▶ [Input]

==============================

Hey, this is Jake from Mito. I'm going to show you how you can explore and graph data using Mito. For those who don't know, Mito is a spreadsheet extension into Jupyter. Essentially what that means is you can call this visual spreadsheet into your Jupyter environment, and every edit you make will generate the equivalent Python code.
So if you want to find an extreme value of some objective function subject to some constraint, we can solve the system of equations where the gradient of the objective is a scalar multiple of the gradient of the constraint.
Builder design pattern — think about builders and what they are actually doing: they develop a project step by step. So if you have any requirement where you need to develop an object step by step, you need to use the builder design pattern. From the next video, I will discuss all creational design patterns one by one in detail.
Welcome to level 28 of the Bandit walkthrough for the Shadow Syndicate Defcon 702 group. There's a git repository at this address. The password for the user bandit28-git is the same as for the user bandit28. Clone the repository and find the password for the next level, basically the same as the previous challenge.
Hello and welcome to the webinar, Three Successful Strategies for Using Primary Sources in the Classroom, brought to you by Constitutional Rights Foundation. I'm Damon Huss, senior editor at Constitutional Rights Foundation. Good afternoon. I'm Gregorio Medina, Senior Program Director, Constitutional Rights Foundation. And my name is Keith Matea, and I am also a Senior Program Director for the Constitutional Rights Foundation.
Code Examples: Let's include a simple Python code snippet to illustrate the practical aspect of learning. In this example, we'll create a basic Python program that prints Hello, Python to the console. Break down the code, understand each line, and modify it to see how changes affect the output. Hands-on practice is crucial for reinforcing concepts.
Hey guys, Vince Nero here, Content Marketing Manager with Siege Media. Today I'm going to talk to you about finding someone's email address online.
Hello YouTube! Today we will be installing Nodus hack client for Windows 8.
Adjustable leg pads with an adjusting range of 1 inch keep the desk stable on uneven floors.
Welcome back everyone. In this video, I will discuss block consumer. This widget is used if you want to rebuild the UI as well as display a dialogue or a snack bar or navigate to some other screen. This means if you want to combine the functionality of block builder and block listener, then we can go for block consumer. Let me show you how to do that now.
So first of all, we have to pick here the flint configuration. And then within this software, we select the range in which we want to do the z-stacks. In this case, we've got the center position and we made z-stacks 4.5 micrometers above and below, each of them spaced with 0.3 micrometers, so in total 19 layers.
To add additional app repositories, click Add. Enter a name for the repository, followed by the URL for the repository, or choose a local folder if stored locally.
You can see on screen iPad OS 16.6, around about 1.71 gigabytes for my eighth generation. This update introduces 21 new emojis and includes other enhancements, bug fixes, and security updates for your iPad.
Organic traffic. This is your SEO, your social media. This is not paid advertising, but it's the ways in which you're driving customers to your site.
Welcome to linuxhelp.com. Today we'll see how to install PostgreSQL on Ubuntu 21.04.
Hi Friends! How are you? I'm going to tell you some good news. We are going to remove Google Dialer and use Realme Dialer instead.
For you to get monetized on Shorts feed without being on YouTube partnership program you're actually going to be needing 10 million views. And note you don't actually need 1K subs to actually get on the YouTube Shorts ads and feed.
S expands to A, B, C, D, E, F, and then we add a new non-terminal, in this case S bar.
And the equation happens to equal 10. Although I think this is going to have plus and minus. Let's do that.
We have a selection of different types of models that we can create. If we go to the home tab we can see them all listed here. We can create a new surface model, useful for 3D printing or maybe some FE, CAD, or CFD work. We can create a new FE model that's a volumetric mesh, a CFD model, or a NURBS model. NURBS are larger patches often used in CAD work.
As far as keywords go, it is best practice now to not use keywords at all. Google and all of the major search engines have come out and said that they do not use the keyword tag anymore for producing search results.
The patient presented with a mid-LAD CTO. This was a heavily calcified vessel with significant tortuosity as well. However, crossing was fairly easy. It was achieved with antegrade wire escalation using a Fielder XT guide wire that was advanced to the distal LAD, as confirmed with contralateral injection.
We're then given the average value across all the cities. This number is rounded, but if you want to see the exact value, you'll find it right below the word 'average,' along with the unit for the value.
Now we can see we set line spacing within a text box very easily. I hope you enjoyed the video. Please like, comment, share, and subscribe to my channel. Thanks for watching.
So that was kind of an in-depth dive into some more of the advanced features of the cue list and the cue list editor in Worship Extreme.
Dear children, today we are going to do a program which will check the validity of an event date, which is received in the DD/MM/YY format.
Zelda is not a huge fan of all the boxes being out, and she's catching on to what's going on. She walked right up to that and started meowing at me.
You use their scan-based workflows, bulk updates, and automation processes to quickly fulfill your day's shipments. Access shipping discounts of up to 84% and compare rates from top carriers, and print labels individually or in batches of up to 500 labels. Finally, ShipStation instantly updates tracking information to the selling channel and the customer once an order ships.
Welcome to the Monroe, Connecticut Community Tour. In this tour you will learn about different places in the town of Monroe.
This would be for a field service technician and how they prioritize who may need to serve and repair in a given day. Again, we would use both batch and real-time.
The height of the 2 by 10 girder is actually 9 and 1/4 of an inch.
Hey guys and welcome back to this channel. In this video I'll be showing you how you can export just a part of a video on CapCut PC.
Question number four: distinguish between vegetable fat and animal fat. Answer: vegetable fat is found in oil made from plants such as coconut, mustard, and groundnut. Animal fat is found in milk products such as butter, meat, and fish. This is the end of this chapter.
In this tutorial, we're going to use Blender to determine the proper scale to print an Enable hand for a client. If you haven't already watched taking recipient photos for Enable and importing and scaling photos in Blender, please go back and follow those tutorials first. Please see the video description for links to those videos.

==============================

▶ [What you need to do] An exact retyping of every line in the records is needed.

▶ [Task result]
Hey, this is Jake from Mito. I'm going to show you how you can explore and graph data using Mito. For those who don't know, Mito is a spreadsheet extension into Jupyter. Essentially what that means is you can call this visual spreadsheet into your Jupyter environment, and every edit you make will generate the equivalent Python code.
So if you want to find an extreme value of some objective function subject to some constraint, we can solve the system of equations where the gradient of the objective is a scalar multiple of the gradient of the constraint.
Builder design pattern — think about builders and what they are actually doing: they develop a project step by step. So if you have any requirement where you need to develop an object step by step, you need to use the builder design pattern. From the next video, I will discuss all creational design patterns one by one in detail.
Welcome to level 28 of the Bandit walkthrough for the Shadow Syndicate Defcon 702 group. There's a git repository at this address. The password for the user bandit28-git is the same as for the user bandit28. Clone the repository and find the password for the next level, basically the same as the previous challenge.
Hello and welcome to the webinar, Three Successful Strategies for Using Primary Sources in the Classroom, brought to you by Constitutional Rights Foundation. I'm Damon Huss, senior editor at Constitutional Rights Foundation. Good afternoon. I'm Gregorio Medina, Senior Program Director, Constitutional Rights Foundation. And my name is Keith Matea, and I am also a Senior Program Director for the Constitutional Rights Foundation.
Code Examples: Let's include a simple Python code snippet to illustrate the practical aspect of learning. In this example, we'll create a basic Python program that prints Hello, Python to the console. Break down the code, understand each line, and modify it to see how changes affect the output. Hands-on practice is crucial for reinforcing concepts.
Hey guys, Vince Nero here, Content Marketing Manager with Siege Media. Today I'm going to talk to you about finding someone's email address online.
Hello YouTube! Today we will be installing Nodus hack client for Windows 8.
Adjustable leg pads with an adjusting range of 1 inch keep the desk stable on uneven floors.
Welcome back everyone. In this video, I will discuss block consumer. This widget is used if you want to rebuild the UI as well as display a dialogue or a snack bar or navigate to some other screen. This means if you want to combine the functionality of block builder and block listener, then we can go for block consumer. Let me show you how to do that now.
So first of all, we have to pick here the flint configuration. And then within this software, we select the range in which we want to do the z-stacks. In this case, we've got the center position and we made z-stacks 4.5 micrometers above and below, each of them spaced with 0.3 micrometers, so in total 19 layers.
To add additional app repositories, click Add. Enter a name for the repository, followed by the URL for the repository, or choose a local folder if stored locally.
You can see on screen iPad OS 16.6, around about 1.71 gigabytes for my eighth generation. This update introduces 21 new emojis and includes other enhancements, bug fixes, and security updates for your iPad.
Organic traffic. This is your SEO, your social media. This is not paid advertising, but it's the ways in which you're driving customers to your site.
Welcome to linuxhelp.com. Today we'll see how to install PostgreSQL on Ubuntu 21.04.
Hi Friends! How are you? I'm going to tell you some good news. We are going to remove Google Dialer and use Realme Dialer instead.
For you to get monetized on Shorts feed without being on YouTube partnership program you're actually going to be needing 10 million views. And note you don't actually need 1K subs to actually get on the YouTube Shorts ads and feed.
S expands to A, B, C, D, E, F, and then we add a new non-terminal, in this case S bar.
And the equation happens to equal 10. Although I think this is going to have plus and minus. Let's do that.
We have a selection of different types of models that we can create. If we go to the home tab we can see them all listed here. We can create a new surface model, useful for 3D printing or maybe some FE, CAD, or CFD work. We can create a new FE model that's a volumetric mesh, a CFD model, or a NURBS model. NURBS are larger patches often used in CAD work.
As far as keywords go, it is best practice now to not use keywords at all. Google and all of the major search engines have come out and said that they do not use the keyword tag anymore for producing search results.
The patient presented with a mid-LAD CTO. This was a heavily calcified vessel with significant tortuosity as well. However, crossing was fairly easy. It was achieved with antegrade wire escalation using a Fielder XT guide wire that was advanced to the distal LAD, as confirmed with contralateral injection.
We're then given the average value across all the cities. This number is rounded, but if you want to see the exact value, you'll find it right below the word 'average,' along with the unit for the value.
Now we can see we set line spacing within a text box very easily. I hope you enjoyed the video. Please like, comment, share, and subscribe to my channel. Thanks for watching.
So that was kind of an in-depth dive into some more of the advanced features of the cue list and the cue list editor in Worship Extreme.
Dear children, today we are going to do a program which will check the validity of an event date, which is received in the DD/MM/YY format.
Zelda is not a huge fan of all the boxes being out, and she's catching on to what's going on. She walked right up to that and started meowing at me.
You use their scan-based workflows, bulk updates, and automation processes to quickly fulfill your day's shipments. Access shipping discounts of up to 84% and compare rates from top carriers, and print labels individually or in batches of up to 500 labels. Finally, ShipStation instantly updates tracking information to the selling channel and the customer once an order ships.
Welcome to the Monroe, Connecticut Community Tour. In this tour you will learn about different places in the town of Monroe.
This would be for a field service technician and how they prioritize who may need to serve and repair in a given day. Again, we would use both batch and real-time.
The height of the 2 by 10 girder is actually 9 and 1/4 of an inch.
Hey guys and welcome back to this channel. In this video I'll be showing you how you can export just a part of a video on CapCut PC.
Question number four: distinguish between vegetable fat and animal fat. Answer: vegetable fat is found in oil made from plants such as coconut, mustard, and groundnut. Animal fat is found in milk products such as butter, meat, and fish. This is the end of this chapter.
In this tutorial, we're going to use Blender to determine the proper scale to print an Enable hand for a client. If you haven't already watched taking recipient photos for Enable and importing and scaling photos in Blender, please go back and follow those tutorials first. Please see the video description for links to those videos.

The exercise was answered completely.